How to change a variable's length without change its position? Is there any simple way?
Thanks!
/*Here is just an example I use sashelp.class,in fact my dataset has hundreds of variables.the varialbe which I want to change the length locates in the middle.*/
/* In the example below,I don't want to change SEX's position(second postion)*/
data one;
length SEX $15.;
set sashelp.class;
SEX='Testing 12345';
run;
Editor's Note: This is a popular topic. Thanks also to @PGStats and others for their contributions.

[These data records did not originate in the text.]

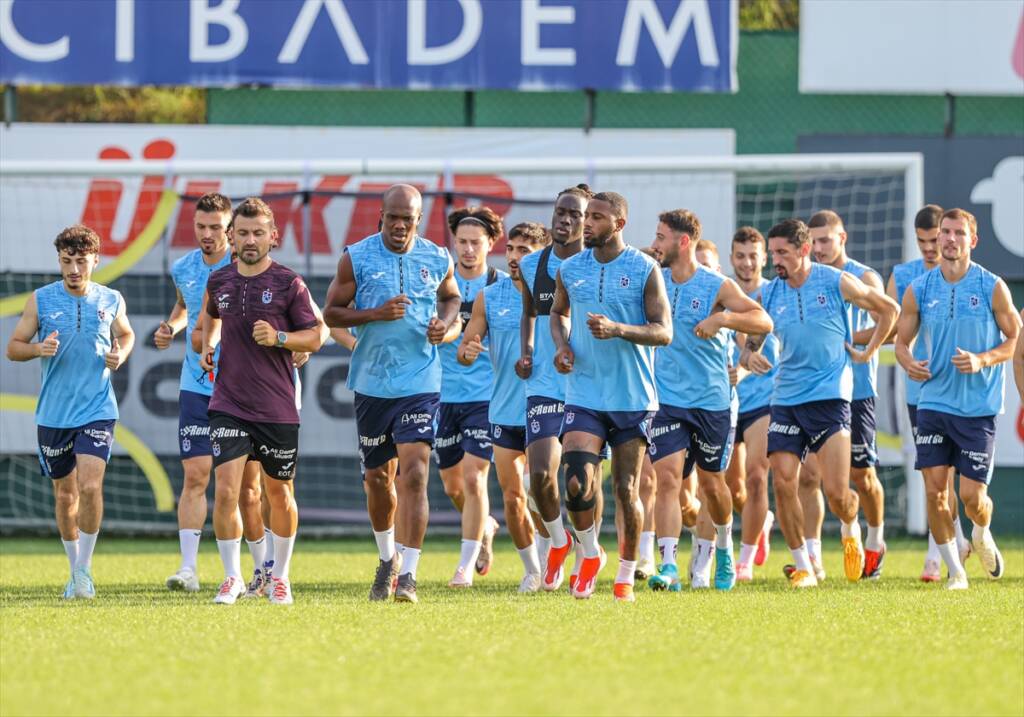 Trabzonspor, Rapid Wien maçının hazırlıklarına devam etti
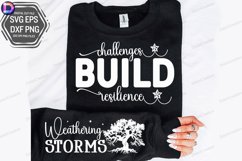 Challenges Build Resilience Sleeve SVG, Entrepreneur SVG Product Image 1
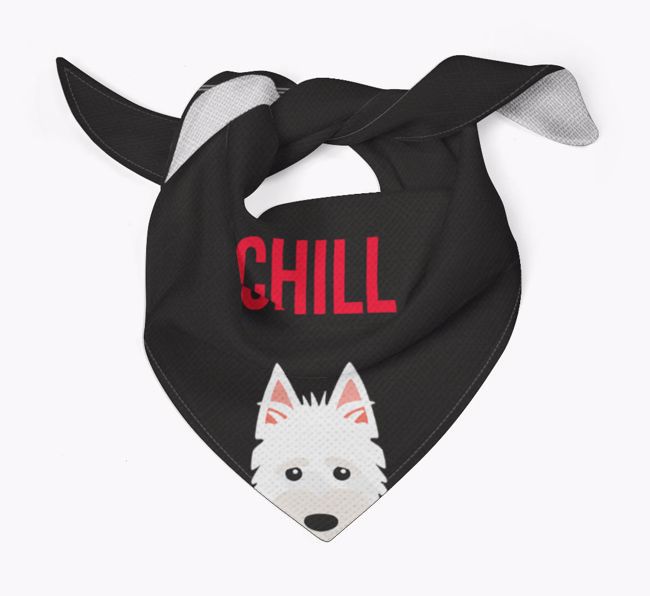 'Chill' - Personalised {breedFullName} Bandana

Depends upon what you call simple. How about:
proc sql noprint;
select name
into :names
separated by " "
from dictionary.columns
where libname="SASHELP" and
memname="CLASS"
;
quit;
data one;
retain &names.;
length SEX $15.;
set sashelp.class;
SEX='Testing 12345';
run;
I don't think there is any neat way. Here is a half-baked solution (ab)using proc sql -- I would appreciate any corrections or modifications. Thanks for the interesting question!
/* lengthen sex to $15 without changing the varnum.
NOTE: This will bomb when the var Sex is the first or the last var. */
proc sql noprint;
create view cols as select name, varnum
from dictionary.columns
where libname = "SASHELP" and memname = "CLASS";
select varnum into :sexNum
from cols where name = "Sex";
select name into :before separated by ", "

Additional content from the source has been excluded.